Gradecraft is something I’ve always known about, and done as well, but I didn’t ever have a name for it. And about a week ago, the name popped into my head (maybe inspired by the word statecraft), and I suddenly felt like I could write a post about it.
So what is gradecraft? No, it’s not a Minecraft mod, and while it is “a learning management system dedicated to supporting the gameful classroom,” that’s not what I’m talking about.
When I say gradecraft, I mean the skill or act a student employs in managing or manipulating their grades. I’m guessing it’s increased since schools started posting grades online continuously, rather than only sending them out as report cards a few times a year.

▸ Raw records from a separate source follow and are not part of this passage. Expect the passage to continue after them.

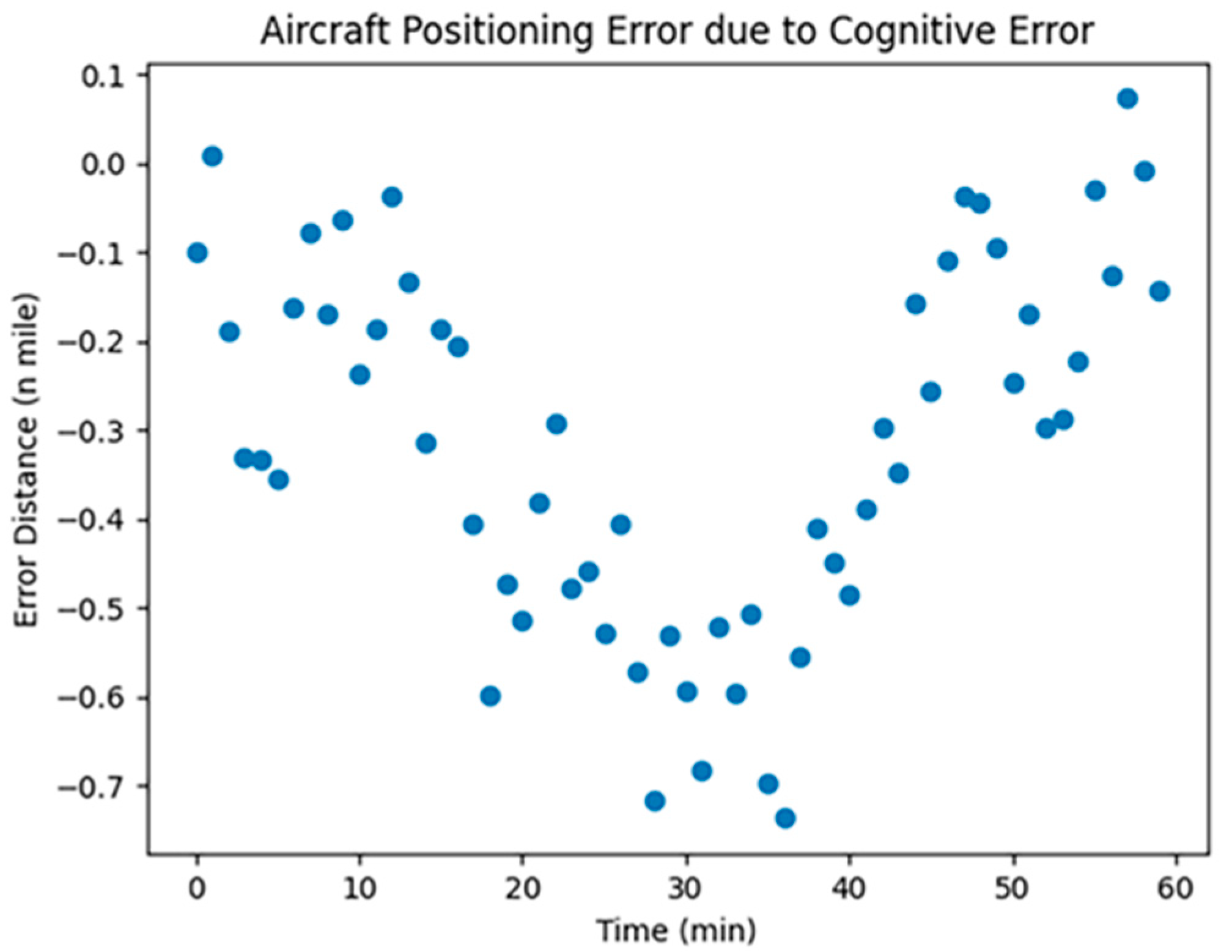 Sensors 24 00553 g005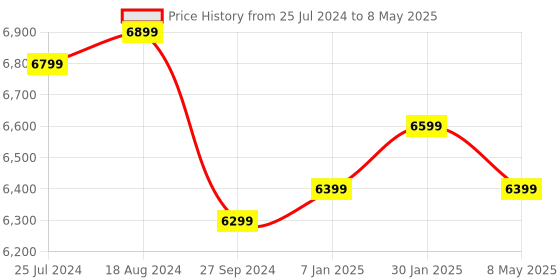 tatacliq.com Apple USB-C Digital AV Multiport Adapter (White) apple Price History Graph from 25 Jul 2024 to 8 May 2025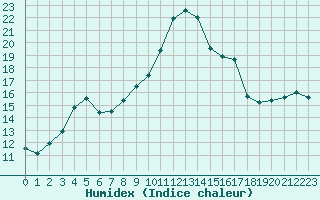 Courbe de l'humidex pour Corny-sur-Moselle (57)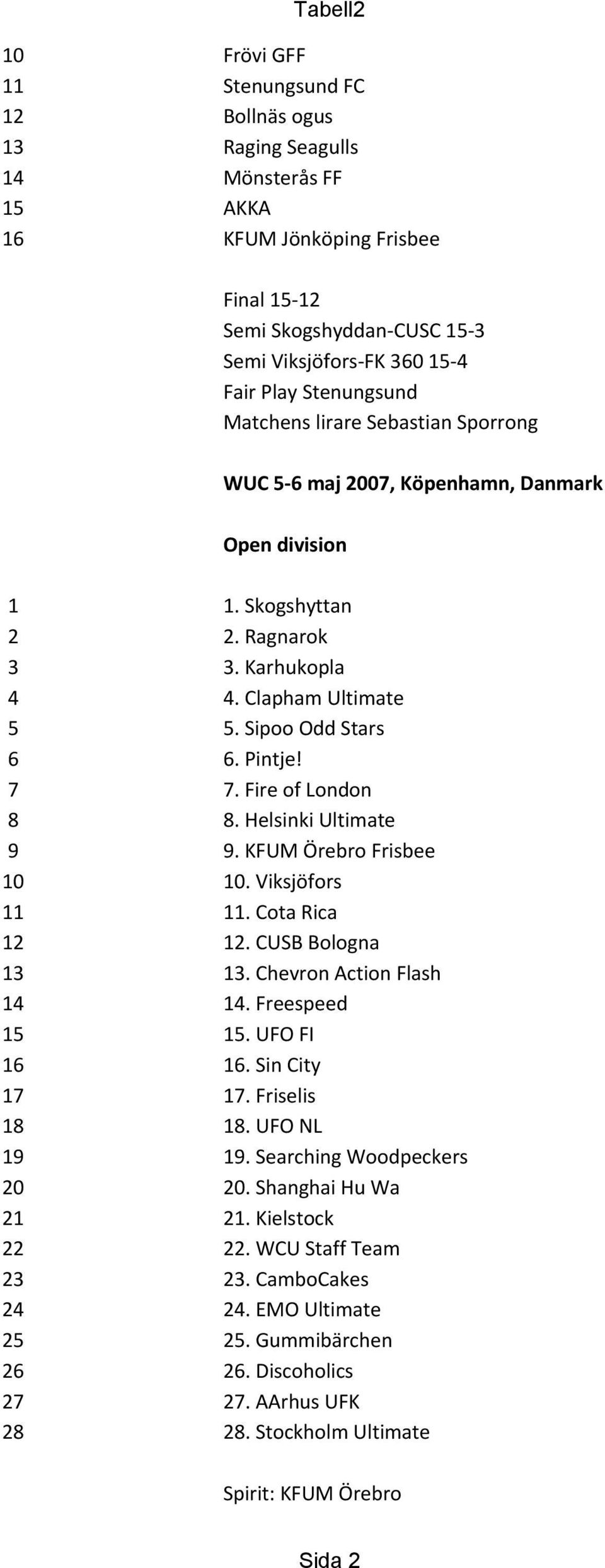 7 7. Fire of London 8 8. Helsinki Ultimate 9 9. KFUM Örebro Frisbee 10 10. Viksjöfors 11 11. Cota Rica 12 12. CUSB Bologna 13 13. Chevron Action Flash 14 14. Freespeed 15 15. UFO FI 16 16.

Although cheating would fall under that definition, that’s not really what I’m getting at, and it’s rather a crude form of gradecraft. The form that I’m more interested in, and that I’m really referring to when I say gradecraft (have I said “gradecraft” enough yet?) is the skill a student employs when they consider that they have a 68 in Algebra and a 72 in English, and they can either study for an English test which will count for fifty points of a hundred points (those hundred points weighed at thirty percent of their grade) or finish the algebra homework which will count for sixty points of a thousand (weighed at fifty percent of the grade.) Also taking into consideration the future opportunities to raise grades in each classes, as well as odd quirks of each teacher’s grading system (dropping the lowest scored test, allowing two re-dos per semester, extra credit, whatever.)

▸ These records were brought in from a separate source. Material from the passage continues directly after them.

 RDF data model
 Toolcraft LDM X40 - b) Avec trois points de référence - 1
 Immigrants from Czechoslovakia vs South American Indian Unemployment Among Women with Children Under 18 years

This act of gradecraft—deciding when bombing a test or not doing homework is the right choice—has funny results on the other end. Teachers seem to take a student not turning in an assignment as a personal slight, which is a somewhat egocentric view—as if the student does not exist outside that teacher’s own class. The teacher sees it as a lack of caring, whereas the student sees it as a calculated loss. It’s not personal, it’s economics.
This is clearly not an ideal form of Paideia. Students shouldn’t be worried about grades, they should be worried about mastering a concept, or improving a skill. But grades are the most important factor in education, especially high school. GPA determines the ability to apply for certain scholarships, and to get into certain colleges. And grades are made more relevant because parents are able to see them, and it’s the only glimpse that parents get into how their kid is doing in school. So there’s social pressure to hit these arbitrary marks as well, and less pressure to do things parents can’t see (like participate in class or get tutoring help during lunch.) It’s also a lot easier for a teenager to grasp a specific number on a finite scale than an abstract concept like “fluency” or “mastery.”

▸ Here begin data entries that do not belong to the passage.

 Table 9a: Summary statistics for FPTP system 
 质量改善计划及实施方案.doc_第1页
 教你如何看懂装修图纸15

The reason this emphasis on grades is bad is because it allows scenarios like the following to happen: A student will place more importance on doing busywork for a subject in which they’re already proficient than on actually learning a subject they know nothing about, if that unknown subject’s teacher is an easy grader.
This is a problem inherent in education. Of course there needs to be some standard that colleges and employers can reference to understand the level of skill of a student, but this places undue importance on grades. Rather than being an indicator of progress toward a goal, grades become the goal itself.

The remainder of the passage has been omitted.